A semente que se busca plantar é no sentido de reforçar a previsibilidade jurídica nos casos repetitivos (o que, se espera, redunde numa menor litigiosidade e recorribilidade), ao mesmo tempo em que se pretende uma prestação jurisdicional efetiva quanto aos chamados leading cases.
Por essas razões é que são encaradas com ressalvas as tentativas legislativas de restaurar a admissibilidade em segundo grau.
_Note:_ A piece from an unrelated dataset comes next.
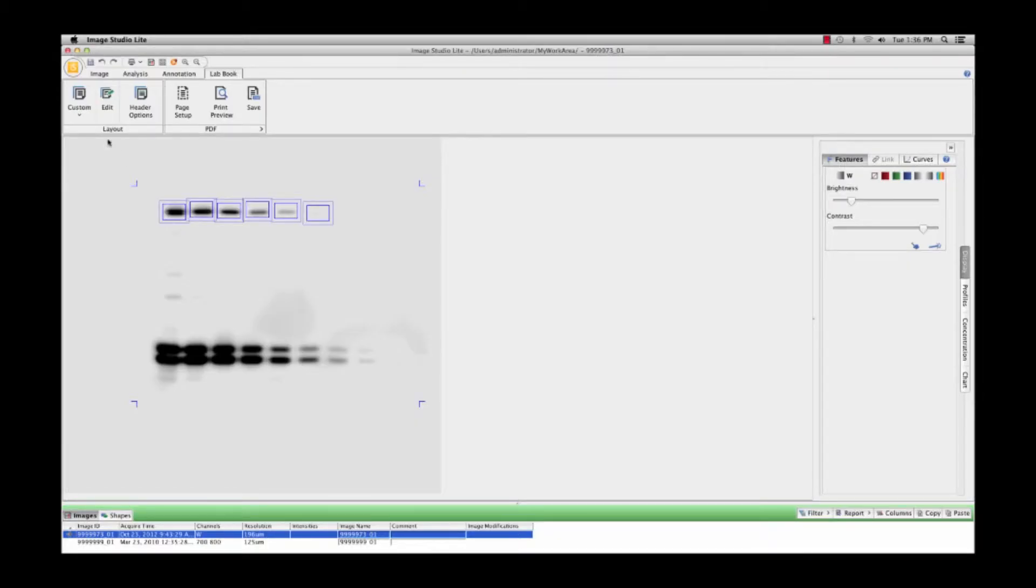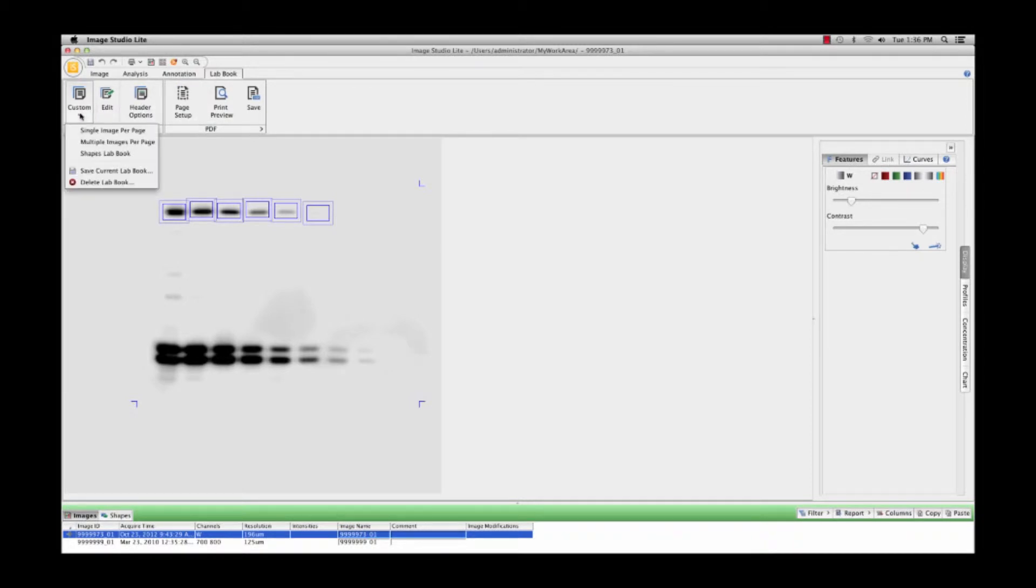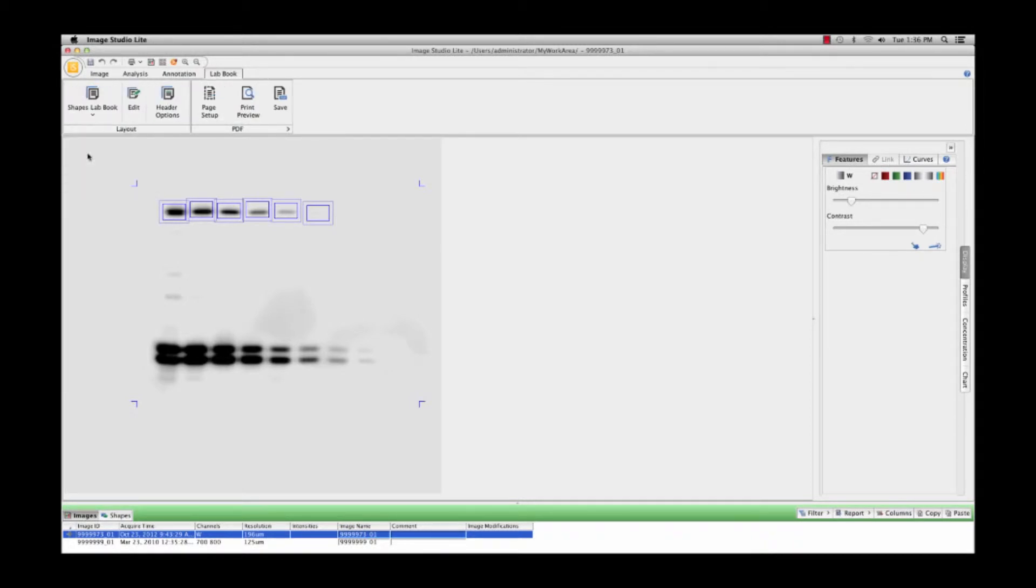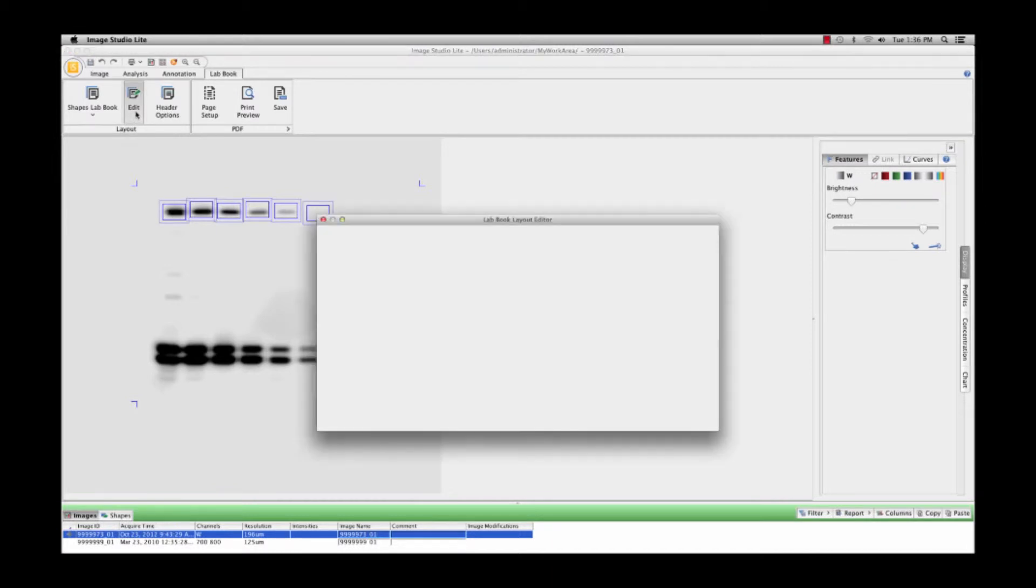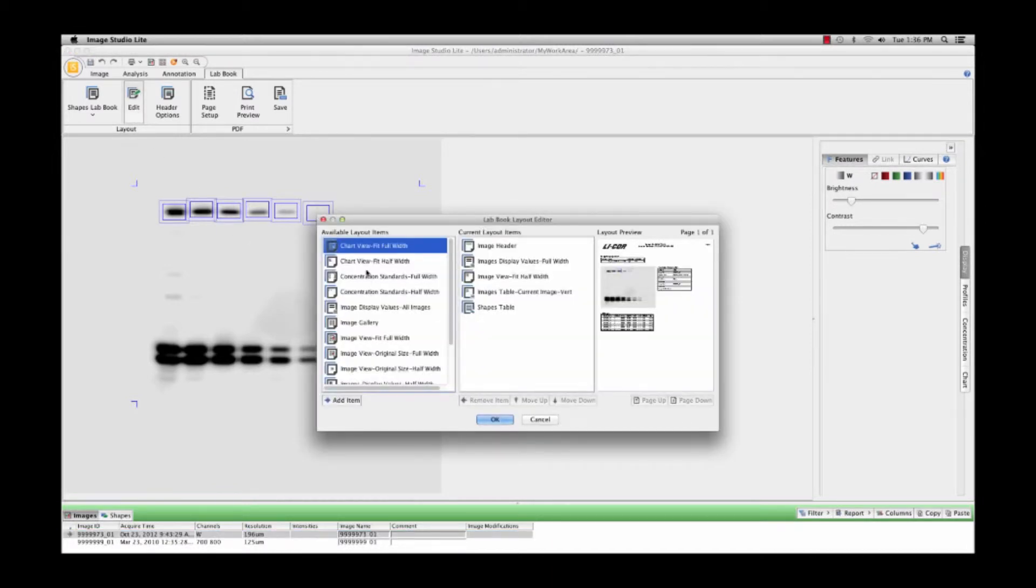To create a lab report, first select the LabBook tab. You can select a standard LabBook layout or create a customized layout by editing any of the predefined layouts.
Quando não pelos motivos antes aduzidos, pelo fato de elas representarem um recuo em mudança ocorrida ao longo de tramitação que não se deu de afogadilho e que ainda nem sequer produziu efeitos que permitam mais bem analisá-la, positiva ou negativamente.
Não se ignora que, num primeiro momento, a supressão da admissibilidade dos recursos especial e extraordinário em segundo grau possa gerar um aumento na remessa de recursos ao STJ e ao STF; no médio e longo prazo -- e para isso é feito um Código --, é o que pensamos, tenderá a prevalecer o intento do legislador de barrar casos repetitivos e facilitar o trânsito de matéria inédita.
Reconheça-se, nada obstante, que o tema é complexo e instigante, e a ele poderemos retornar, eventualmente.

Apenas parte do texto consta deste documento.